Palavras de Mirjana sobre seu encontro com João Paulo II: " Eu pessoalmente tive uma grande honra de ter podido falar com o papa João Paulo II. Aquilo foi lindo. Eu estava na Basílica de São Pedro em Roma junto com todos os outros peregrinos. Como o Papa estava passando ele estava abençoando a todos. Ele me abençôou e seguiu em frente. E então o padre italiano com quem eu estava disse:" Santo Padre esta é Mirjana de Medjugorje" Ele voltou me abençoou novamente e foi. E eu disse ao padre: "Padre, você viu, ele pensa que eu preciso um bênção dupla" (risos). Entretanto, à tarde nós recebemos um convite para na manhã seguinte ir a Castelgandolfo, perto de Roma, para conversarmos com o Santo Padre. Eu não preciso lhes dizer que eu não dormi a noite inteira (sorrisos). No dia seguinte quando eu cheguei no lugar ele viu que eu estava muito ansiosa. Nós ficamos a sós e então ele começou a falar comigo em polonês. Ele pensou que eu poderia entendê-lo por que ambas são linguas eslavas. Ele queria me fazer sentir confortável.
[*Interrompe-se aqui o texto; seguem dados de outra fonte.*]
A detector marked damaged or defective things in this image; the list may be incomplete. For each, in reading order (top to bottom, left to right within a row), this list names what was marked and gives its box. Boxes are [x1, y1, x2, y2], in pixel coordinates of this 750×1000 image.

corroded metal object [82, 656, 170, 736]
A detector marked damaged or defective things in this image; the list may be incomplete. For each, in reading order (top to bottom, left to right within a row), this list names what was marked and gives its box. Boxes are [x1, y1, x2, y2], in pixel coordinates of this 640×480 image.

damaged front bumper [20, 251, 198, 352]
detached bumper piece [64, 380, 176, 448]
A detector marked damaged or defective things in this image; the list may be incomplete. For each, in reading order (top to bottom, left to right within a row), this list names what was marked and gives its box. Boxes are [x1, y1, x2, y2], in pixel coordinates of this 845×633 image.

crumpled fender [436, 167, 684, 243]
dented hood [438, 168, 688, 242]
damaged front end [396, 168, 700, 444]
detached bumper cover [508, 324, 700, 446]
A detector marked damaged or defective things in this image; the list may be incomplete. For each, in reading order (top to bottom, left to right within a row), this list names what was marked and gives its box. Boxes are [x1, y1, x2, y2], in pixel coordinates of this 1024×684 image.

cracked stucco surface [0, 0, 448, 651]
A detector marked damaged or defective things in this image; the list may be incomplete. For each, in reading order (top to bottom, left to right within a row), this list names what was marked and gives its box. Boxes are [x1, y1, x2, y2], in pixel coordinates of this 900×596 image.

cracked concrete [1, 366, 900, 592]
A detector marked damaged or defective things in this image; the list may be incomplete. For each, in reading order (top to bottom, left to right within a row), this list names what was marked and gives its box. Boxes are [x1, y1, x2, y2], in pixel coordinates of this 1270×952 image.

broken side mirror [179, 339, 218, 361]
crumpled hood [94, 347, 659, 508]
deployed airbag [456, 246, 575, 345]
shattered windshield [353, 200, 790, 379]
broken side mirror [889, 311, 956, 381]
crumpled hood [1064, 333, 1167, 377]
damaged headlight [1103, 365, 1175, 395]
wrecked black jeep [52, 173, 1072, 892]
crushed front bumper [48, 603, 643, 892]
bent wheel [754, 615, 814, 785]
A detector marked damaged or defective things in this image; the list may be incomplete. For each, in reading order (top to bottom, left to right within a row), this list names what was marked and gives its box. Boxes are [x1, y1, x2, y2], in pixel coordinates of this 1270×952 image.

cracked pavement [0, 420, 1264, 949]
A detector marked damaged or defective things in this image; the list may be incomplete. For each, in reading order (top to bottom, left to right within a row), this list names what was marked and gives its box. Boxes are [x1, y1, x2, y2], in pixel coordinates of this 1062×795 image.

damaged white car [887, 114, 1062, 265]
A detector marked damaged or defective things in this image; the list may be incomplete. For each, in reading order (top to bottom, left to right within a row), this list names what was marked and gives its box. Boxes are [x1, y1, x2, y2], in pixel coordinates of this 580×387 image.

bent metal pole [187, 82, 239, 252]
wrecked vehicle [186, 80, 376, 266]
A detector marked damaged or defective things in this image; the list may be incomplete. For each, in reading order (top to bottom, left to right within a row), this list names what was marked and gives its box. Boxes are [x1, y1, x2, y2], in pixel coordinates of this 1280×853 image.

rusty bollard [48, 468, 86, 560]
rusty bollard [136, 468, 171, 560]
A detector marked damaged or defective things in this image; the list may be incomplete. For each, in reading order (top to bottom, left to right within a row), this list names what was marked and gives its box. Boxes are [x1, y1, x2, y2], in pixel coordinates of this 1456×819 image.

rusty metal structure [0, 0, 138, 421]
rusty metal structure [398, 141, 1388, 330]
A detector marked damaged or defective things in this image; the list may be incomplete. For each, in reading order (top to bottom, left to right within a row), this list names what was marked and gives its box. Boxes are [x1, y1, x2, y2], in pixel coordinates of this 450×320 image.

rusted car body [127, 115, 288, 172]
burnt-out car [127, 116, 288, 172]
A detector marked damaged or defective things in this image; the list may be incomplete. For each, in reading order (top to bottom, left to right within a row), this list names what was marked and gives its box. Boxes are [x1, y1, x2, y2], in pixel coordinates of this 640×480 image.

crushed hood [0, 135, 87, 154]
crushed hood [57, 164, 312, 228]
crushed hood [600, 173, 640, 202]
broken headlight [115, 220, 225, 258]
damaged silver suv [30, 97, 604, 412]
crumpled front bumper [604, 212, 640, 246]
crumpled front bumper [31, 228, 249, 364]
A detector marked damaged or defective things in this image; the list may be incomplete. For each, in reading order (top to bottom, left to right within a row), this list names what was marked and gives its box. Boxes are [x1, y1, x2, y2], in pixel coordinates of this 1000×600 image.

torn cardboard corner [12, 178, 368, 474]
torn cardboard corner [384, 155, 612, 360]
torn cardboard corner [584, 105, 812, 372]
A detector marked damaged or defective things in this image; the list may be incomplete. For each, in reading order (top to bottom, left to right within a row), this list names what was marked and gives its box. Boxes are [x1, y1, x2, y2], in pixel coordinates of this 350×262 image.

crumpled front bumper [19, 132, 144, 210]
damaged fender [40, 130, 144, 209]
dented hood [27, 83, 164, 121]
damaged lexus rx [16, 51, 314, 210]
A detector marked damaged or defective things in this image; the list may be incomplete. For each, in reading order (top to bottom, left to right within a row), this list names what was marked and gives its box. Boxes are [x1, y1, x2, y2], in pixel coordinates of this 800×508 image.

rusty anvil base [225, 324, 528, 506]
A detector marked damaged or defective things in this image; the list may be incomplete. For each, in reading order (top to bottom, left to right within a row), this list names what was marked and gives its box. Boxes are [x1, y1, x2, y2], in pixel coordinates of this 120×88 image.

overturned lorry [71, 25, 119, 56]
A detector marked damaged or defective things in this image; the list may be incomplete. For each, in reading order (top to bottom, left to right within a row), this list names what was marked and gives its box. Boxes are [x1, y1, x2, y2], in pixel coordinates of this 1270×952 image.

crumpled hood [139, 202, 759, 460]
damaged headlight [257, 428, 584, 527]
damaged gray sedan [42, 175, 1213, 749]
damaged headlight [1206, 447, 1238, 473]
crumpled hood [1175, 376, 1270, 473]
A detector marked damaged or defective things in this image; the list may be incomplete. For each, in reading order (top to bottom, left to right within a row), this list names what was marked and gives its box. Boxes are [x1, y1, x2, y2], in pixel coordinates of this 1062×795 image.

Entretanto eu estava chorando e nem conseguia respirar para dizer uma única palavra. Então quando finalmente eu pude dizer uma palavra, eu falei: "Santo Padre, poderíamos tentar em italiano?" (risos). Então nós conversamos e entre outras coisas ele me disse: "Se eu não fosse Papa, eu já estaria em Medjugorje há muito tempo. Eu sei tudo, eu tenho acompanhado tudo. Peça aos peregrinos para rezarem em minhas intenções. E cuidem bem de Medjugorje por que Medjugorje é a esperança para o mundo inteiro!"